John Lee Pratt (1879-1975)

By Richard Sanders, Editor, Press for Conversion!

Pratt is known to have donated at least $20,000 to the American Liberty League.

Son of a Confederate soldier, Pratt started work in a farm equipment store. His interest in mechanics led him to attain a civil engineering degree at the University of Virginia in 1902. After graduating, he worked as an engineer for the du Pont Corp. (1905-1919). He transferred to General Motors in 1919 and became the company’s vice president (1922-1937).

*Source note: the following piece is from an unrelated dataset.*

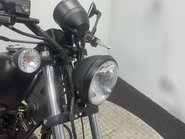 Keeway K-Light 125 2023 475 MILES VERY CLEAN NEW MOT SERVICED CRUISER BIKE 125CC 12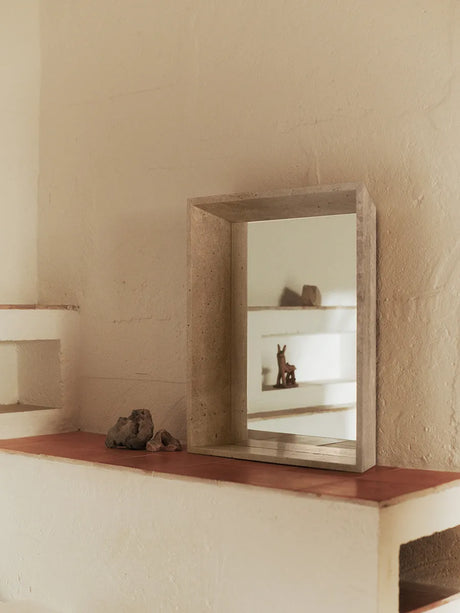 Lancet Mirror från Ferm Living - 3 - Jacobsen Plus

Although he retired in 1939, Pratt continued on GM’s Board of Directors until 1968. Upon retiring, Pratt served on Roosevelt’s War Resources Board by Edward Stettinius, the chairman of U.S. Steel. Stettinius, a former vice president of GM, had been Pratt’s special assistant there in 1926. Stettinius later served as U.S. Secretary of State (1944-1945). The War Resources Board was meant to give advice on economic mobilization policies to the Munitions Board. However, it was dissolved in only six weeks after a public scandal erupted. People were upset with the board’s heavy corporate leanings and its lack of any labour or farm representatives.

Pratt was later a member of the Lend-Lease Administration through which he worked with General Dwight Eisenhower (later U.S. president) and then-Secretary of State George Marshall, a former General, who – while Chief of Staff – had served with Pratt on the War Resources Board. Lend Lease, administered by Pratt’s friend Edward Stettinius between 1941 and 1943, was an ingenious strategy for boosting U.S. industries. The U.S., which had stayed out of the war for two years, used the Lend-Lease program to provide $50 billion in credit to its allies, particularly Britain. This allowed the U.S. to sell, rent or lend weapons, ammunition and other war materials to Britain and other countries at war. This was, of course, highly profitable for U.S. bankers and industrialists, especially those connected to corporations – like GM – that converted their U.S. factories to war production. They became what Roosevelt, in 1940, called the “Arsenal of Democracy.” The fact that GM and other corporations benefiting from the Lend-Lease Administration were using their German subsidiaries to simultaneously arm Hitler to the teeth did not exclude them from receiving lucrative, post-war Marshall Plan contracts.


Timebase 1939

Gordon R. Sullivan, Mobilization in World War II

Mr. and Mrs. Pratt Believed Wealth should be used for Public Good

John Lee Pratt

Source: Press for Conversion! magazine, Issue # 53, "Facing the Corporate Roots of American Fascism," March 2004. Published by the Coalition to Oppose the Arms Trade.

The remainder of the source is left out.